Víctor Quiñones Hernández (June 30, 1959 – April 2, 2006) was a Puerto Rican professional wrestling promoter, manager, and the founder and owner of International Wrestling Association in Japan, as well as the later International Wrestling Association in Puerto Rico.

Early life
Quiñones' mother ran several businesses and his stepfather was a lawyer and politician and they raised him to be savvy and entrepreneurial.  Being bilingual, he became an asset to the Puerto Rican wrestling office at a young age, helping out Gorilla Monsoon and others when they came to the island. After his mother died, Quiñones moved to the United States in 1979, where he lived with Gorilla Monsoon until 1984. In 1984, Capitol Sports went bankrupt and Quiñones bought a quarter interest in the World Wrestling Council company.

Professional wrestling career
Quiñones was primarily a manager for The Headhunters and Mr.
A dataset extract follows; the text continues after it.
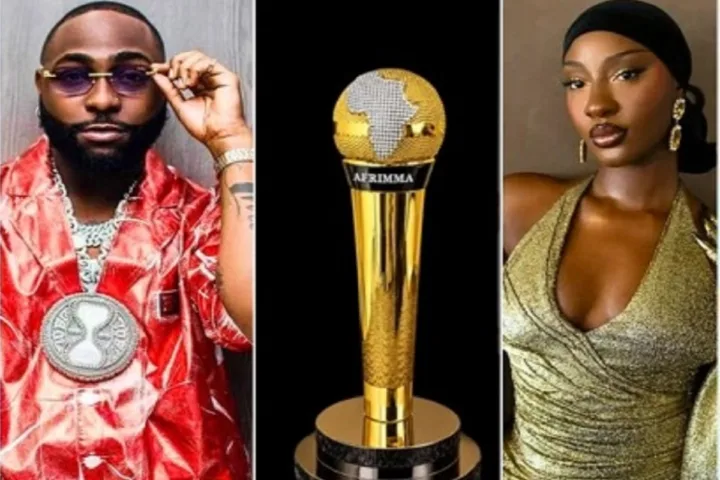 AFRIMMA 2026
Pogo, but was affiliated with Terry Funk, Mike Awesome, Hisakatsu Oya and Cactus Jack in the stable Funk Masters of Wrestling on Frontier Martial-Arts Wrestling (FMW) from 1996 to 1997. He also became official manager for Taka Michinoku for one time only, when he assisted him to fought his own mentor The Great Sasuke on 4th Anniversary of Michinoku Pro after Taka won WWF Light Heavyweight Championship from Brian Christopher at D-Generation X: In Your House in 1997.

Quiñones was one of the prominent managers of the pioneering hardcore wrestling promotion Frontier Martial-Arts Wrestling, and also was the picador of Shocker & founder and owner of two hardcore wrestling promotions in Japan; Wrestling International New Generations (W*ING) and International Wrestling Association of Japan (IWA Japan).

In July 1988 when Bruiser Brody was stabbed in Puerto Rico, Quiñones had to call a radio station, to broadcast that they needed an ambulance urgently and a local ambulance driver heard the call over the radio at a local restaurant and made his way to the scene.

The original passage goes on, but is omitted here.